Typical tasks with structured data

Author

Borja Requena

Open in Colab

Note

In this notebook we use random forests, which is a machine learning technique built upon decision trees. Furthermore, we use the fastai (Howard and Gugger 2020) library to download the data for the different tasks and easily train our models.

1 Introduction

Tabular data or structured data problems are pretty common in the field of machine learning. It is the prototypical problem in which each sample is described by a certain set of features and, thus, the dataset can be layed out in a table (hence the name). The goal, then, is to predict the value of one of the columns based on the rest. Up until quite recently, tabular data problems where generally addressed with classical models based on decision trees, be it ensembles or gradient boosted machines. However, deep learning has proven quite successful on these tasks in the past years.

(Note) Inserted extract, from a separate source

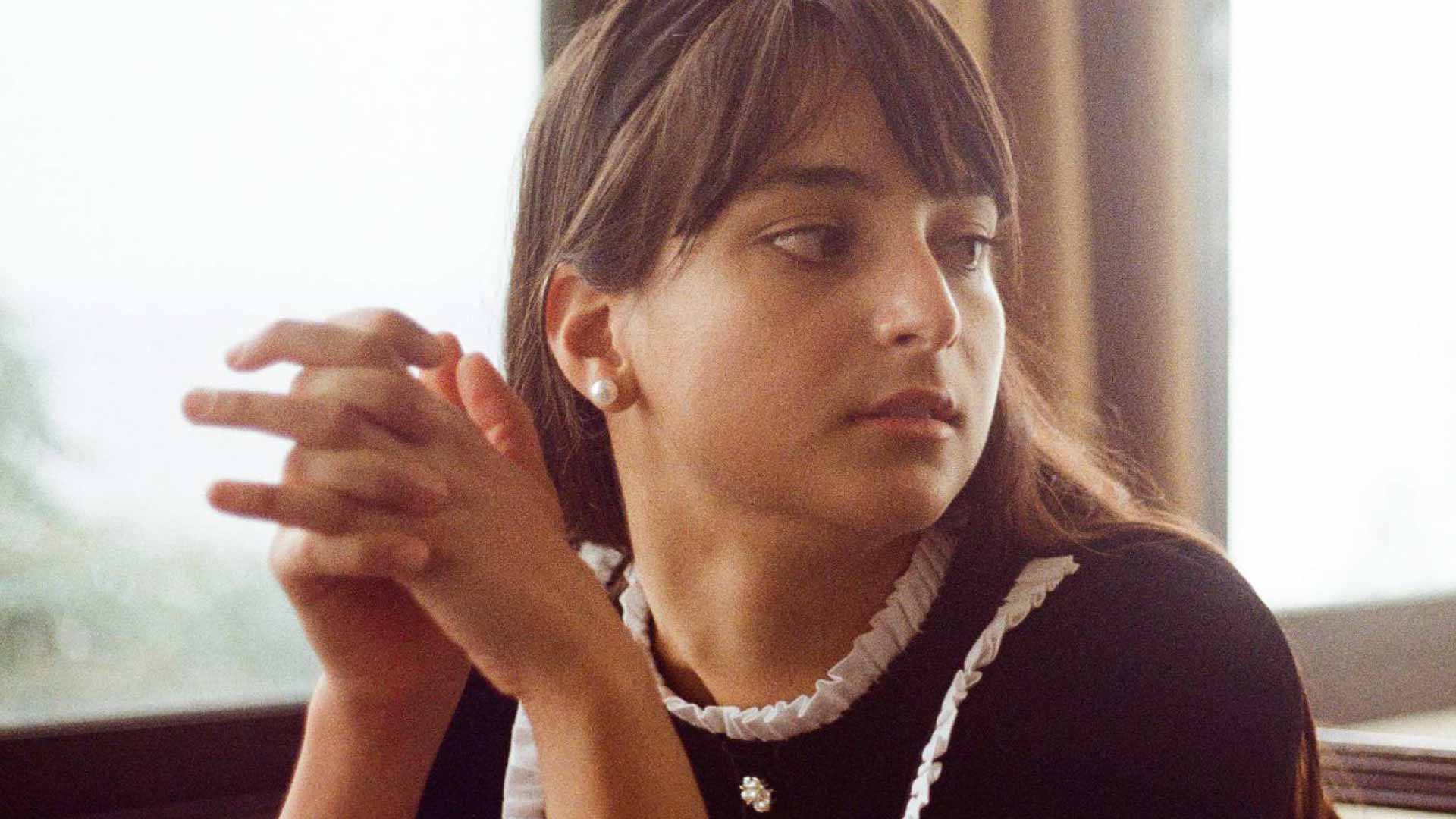 woman in formal wear looks displeased with hands clasped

Within this field, we encounter problems of all kinds, from telling flower types apart given a feature list, to assessing whether to give a loan to a bank client. Unfortunately, tabular data problems are much less nicer to show than computer vision tasks and so this part will be less flashy than the others. In order to illustrate the process, we will address a regression problem to infer the auction prices of bulldozers that was a kaggle competition. We will solve the same problem with random forests and neural networks in order to see what differences we find with them.

Note

We take a regression example here, but tabular data problems can also be classification tasks and all the processes shown may be applied indistinctively.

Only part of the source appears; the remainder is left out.